L'autre point faible de LA PLUIE DU DIABLE est son casting. Outre la présence d'un William Shatner assez cabotin, la plus grave erreur est sans doute d'avoir confié le rôle de Corbis à Ernest Borgnine. Cet acteur, qu'on a tant admiré chez Aldrich ou Peckinpah, y compris dans des rôles de parfaits méchants (L'EMPEREUR DU NORD, LE CONVOI…), ne parvient pratiquement jamais à rendre son personnage crédible. Les premiers plans où il apparaît, comme un cow-boy inoffensif et pourtant bizarrement menaçant, passent bien. Mais le reste se vautre dans la caricature la plus inefficace. Grimaçant et roulant des yeux machiavéliques, le comédien ne convainc pas dans ce rôle taillé sur mesure pour un Vincent Price ou un Jose Mojica Marins.
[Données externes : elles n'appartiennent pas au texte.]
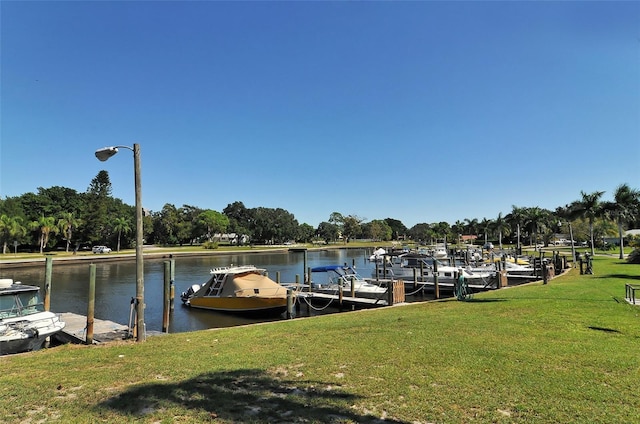 dock area featuring a water view and a lawn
Le summum du grotesque est atteint, voire dépassé, quand l'acteur se trouve affublé d'un maquillage d'homme bouc, techniquement soigné, mais visuellement totalement risible. A toutes ses faiblesses viennent s'ajouter un rythme inégal et, surtout, un interminable final que ses auteurs devaient juger spectaculaire, puisqu'ils l'ont fait durer une bonne dizaine de minutes : il s'agit pourtant d'une des séquences d'épouvante les plus laborieuses jamais portées à l'écran.
Soigneusement mis en scène, visuellement travaillé, LA PLUIE DU DIABLE génère souvent une ambiance morbide efficace et propose de belles images fantastiques. Hélas, son scénario et son interprétation accumulent de trop nombreuses maladresses, ce qui gâche une grande partie du plaisir qu'on prend à le visionner. Sorti aux USA dès 1975, il est présenté en France au sixième festival du Film Fantastique de Paris, en 1977, où il recueille tout de même le prix des effets spéciaux. Puis, il est distribué sur nos écrans au cours de l'été de la même année.
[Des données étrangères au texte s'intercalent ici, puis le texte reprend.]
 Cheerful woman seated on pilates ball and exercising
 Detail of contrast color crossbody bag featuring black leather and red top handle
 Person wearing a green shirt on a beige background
Après une édition en Laserdisc chez Image, LA PLUIE DU DIABLE sort en DVD, seulement aux Etats Unis, chez VCI, en 1999 (zone 1, NTSC), sous une jaquette nous annonçant, en gros caractères, une réalisation de Robert "Feust" ! Le film est proposé dans son format 2.35 d'origine, mais sans option 16/9. La copie, assez fatiguée, laisse paraître de fréquents petits parasites, tandis que le télécinéma de départ semble médiocre : définition passable, couleurs légèrement baveuses, séquences trop sombres (dans la chapelle, notamment) et nombreux effets de moirage sont ainsi facilement décelables. La qualité de l'image reste juste acceptable, mais vraiment sans plus.
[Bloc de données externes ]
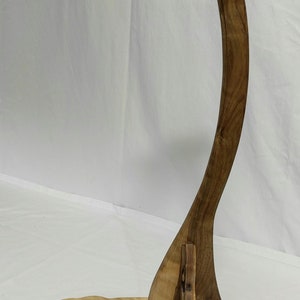 Pu&ograve; includere: Un supporto per chitarra in legno con un supporto per il collo curvo e una base con un'apertura per una tracolla per chitarra. Il supporto &egrave; in legno scuro con una finitura naturale.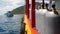 Row of oxygen tanks and diving equipment placed on modern boat in rippling ocean near Koh Tao resort, Thailand. Concept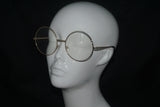 big round metal clear cleans glasses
La bande-son anglaise, dans sa version mono d'origine codée sur deux canaux, trahit, elle aussi, des inconvénients, le moindre n'étant pas un souffle assez envahissant. Ce disque offre quelques petits bonus, à savoir la bande-annonce de LA PLUIE DU DIABLE et une courte galerie de photographies.
Bref, cette édition commence sérieusement à dater, et mériterait une remise à jour, notamment au niveau technique. Néanmoins, il s'agit, pour le moment, du seul DVD disponible pour LA PLUIE DU DIABLE.